Retype, word for word, every line starting at the line with "無敵の行政書士　２００４－３　出題予想キーワードつき新・試験委員を徹底リサーチ" and ending with the final line of the entries; skip the pictures.

Short descriptive text snippets
════════════════
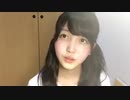 乃木坂46 久保史緒里秘蔵　三期オーディション SR エントリーNo10 20160902その２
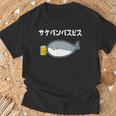 サケバンバスピス サカバンバスピス 酒好き ダジャレ お酒好き 古代魚 ネタ お笑い おもしろ ネタ Tシャツ 高齢者への贈り物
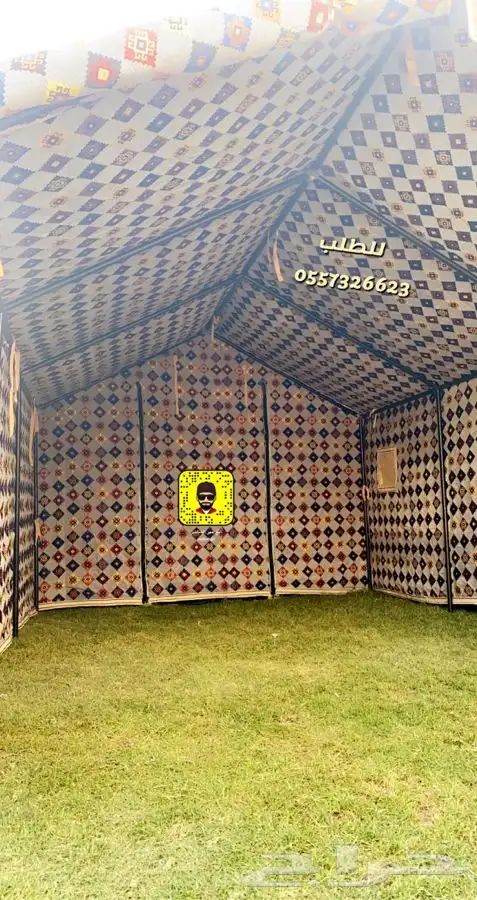 للبيع خيام متميزه وبيوت شعر وصنادق وكل لوازم البر 15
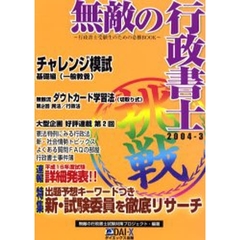 無敵の行政書士　２００４－３　出題予想キーワードつき新・試験委員を徹底リサーチ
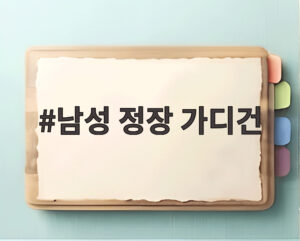 남성 정장 가디건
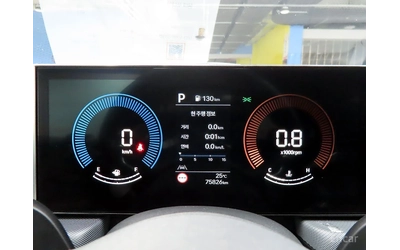 Hyundai Sonata 2.0* ГАЗ* ОБДУХВАНЕ* DIS* КАМЕРА* КРАЙНА ЦЕНА - автомобили, коли, обяви за нови и употребявани 10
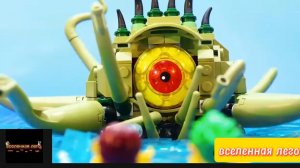Нападение огромного морского чудовища/lego мультфильм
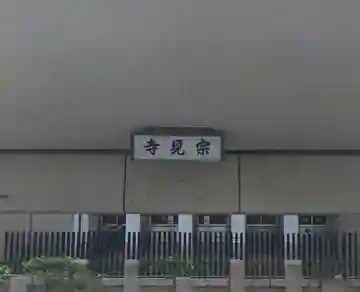 宗見寺(大阪府)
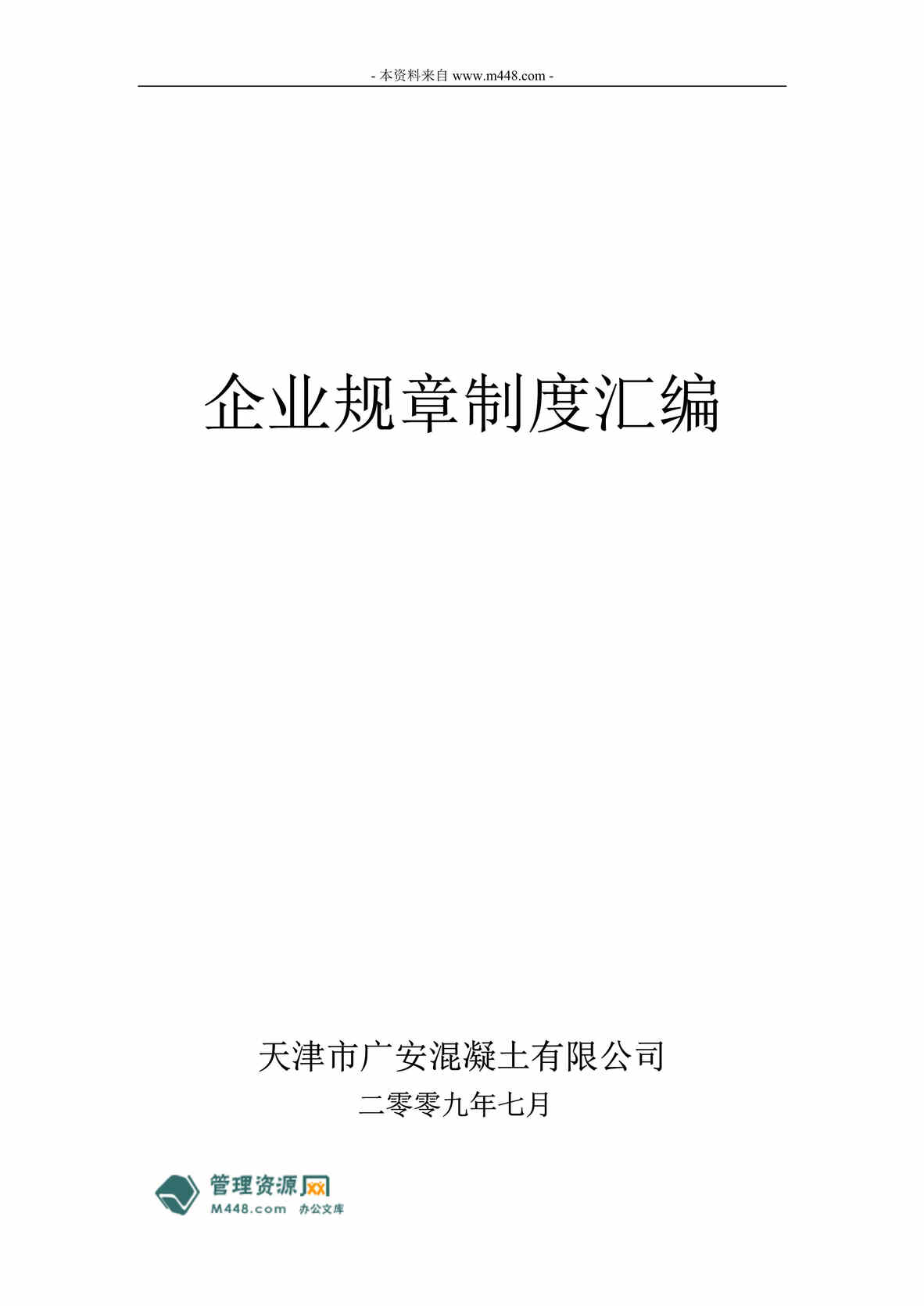 “广安混凝土公司搅拌站员工管理制度汇编(61页).rar”第1页图片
════════════════
• Exercise response:
 無敵の行政書士　２００４－３　出題予想キーワードつき新・試験委員を徹底リサーチ
 남성 정장 가디건
 Hyundai Sonata 2.0* ГАЗ* ОБДУХВАНЕ* DIS* КАМЕРА* КРАЙНА ЦЕНА - автомобили, коли, обяви за нови и употребявани 10
Нападение огромного морского чудовища/lego мультфильм
 宗見寺(大阪府)
 “广安混凝土公司搅拌站员工管理制度汇编(61页).rar”第1页图片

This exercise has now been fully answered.